According to Manana F. Birabi, the founding member of Milege, Milege was started up to spearhead the creation of World Class Music rooted in Uganda's cultural heritage

In 2010 Milege Partnered with Uganda Heritage Roots during their Repainting Uganda Tour to head hunt the best original traditional musicians in Uganda. This was aimed at promoting talent and Ugandan culture.
Milege also started up a nonprofit project, Repainting Uganda (described below on this page), which is geared towards promotion of heritage arts. The project headed by Alison Nadunga has fed a number of street children and beggars through mosaic art. Repainting Uganda brings music with fashion, design, art, language, poetry etc.

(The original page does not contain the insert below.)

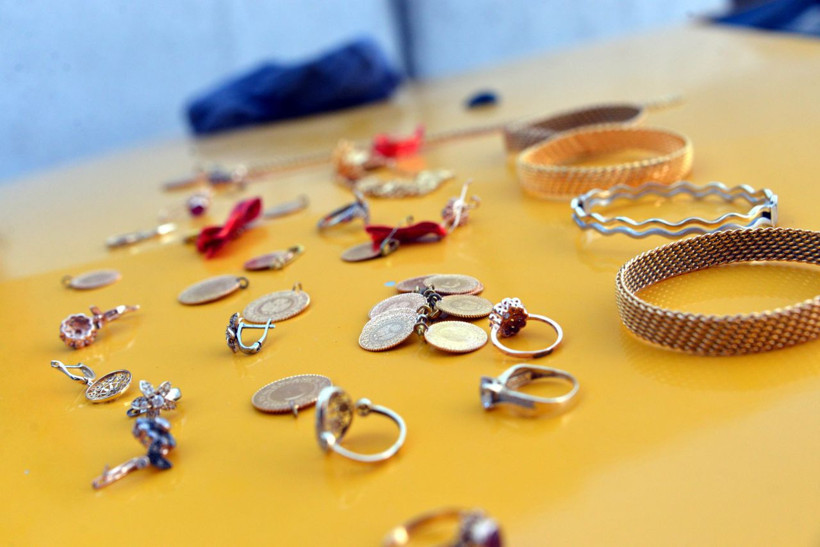 Sivas'ta dolandırdı Kahramanmaraş'ta yakalandı çorabından neler neler çıktı - Resim: 3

In 2013 Milege started organizing their own festivals which saw their first ever festival, Repainting Uganda – World Music Festival 2013 sprout at the Lake Victoria Serena Resort. The second festival, Milege World Music Festival 2014 “Repainting Uganda” was held at the Botanical Gardens in Entebbe which became the new home of all the future annual World Music Festivals organized every November.

In 2014 Milege started up a regular acoustic night named Milege Acoustic Project every Thursday at the Makerere University Guest House whose aim was to promote talent, culture and socializing. The Acoustic Project grew to make a thousand plus of attendees every Thursday evening at the Guest House within the first month of the project. University students, staff and the general public make the attendance at the weekly event.

==Discography==
Milege has majorly done live music on stage. Only one E.P Album was recorded 2010

===Albums===
Milege released their first studio recorded E.P album in 2010
- E.P Intro

====Album track list====
- New Era
- Nankasa Zi Wuna
- Kankutwale
- Agwara
- Wafoyo

===Unreleased songs===
Milege has a number of both recorded and unrecorded songs they perform live which include;

| Recorded | Unrecorded |
|---|---|
| Awinyi | Enyunyuzi |
| Akaburwana | Migration |
| Latin kok pi ngo | Samson & Delilah |
| Angélla ft Nawany | Akeyo ft Jungle |
| Weyo ft Kaz Kasozi | Akadema |
| Jasmine ft Herbert Kinobe | Ngénda |

==Performances==

Milege has toured Africa and other parts of the world performing at corporate events, concerts and festivals including The Inaugural Ceremony of the Rutgers Offices in Uganda at DSW Bonita Training Center in Lubowa alongside Maurice Hasa and Ray Signature, Young Achievers Awards, Repainting Uganda 2010, 2011, 2012, Blankets and Wine, World Music Day, DOADOA, Milege World Music Festival 2013 and 2014 organized by Milege at Lake Victoria Serena Resort, Bayimba International Music Concert, African Jazz Village with Mulatu Astatke, at The Elephant, a regular show hosted by Kenya's Eric Wainaina in Nairobi, Selam in Ethiopia and many more. The success of Ugandan bands including Milege have influenced solo artists such as Cindy, Lilian Mbabazi of The Sundowners, Sarah Zawedde of Zawee Band, Bebe Cool and Gagamel Crew to start up bands.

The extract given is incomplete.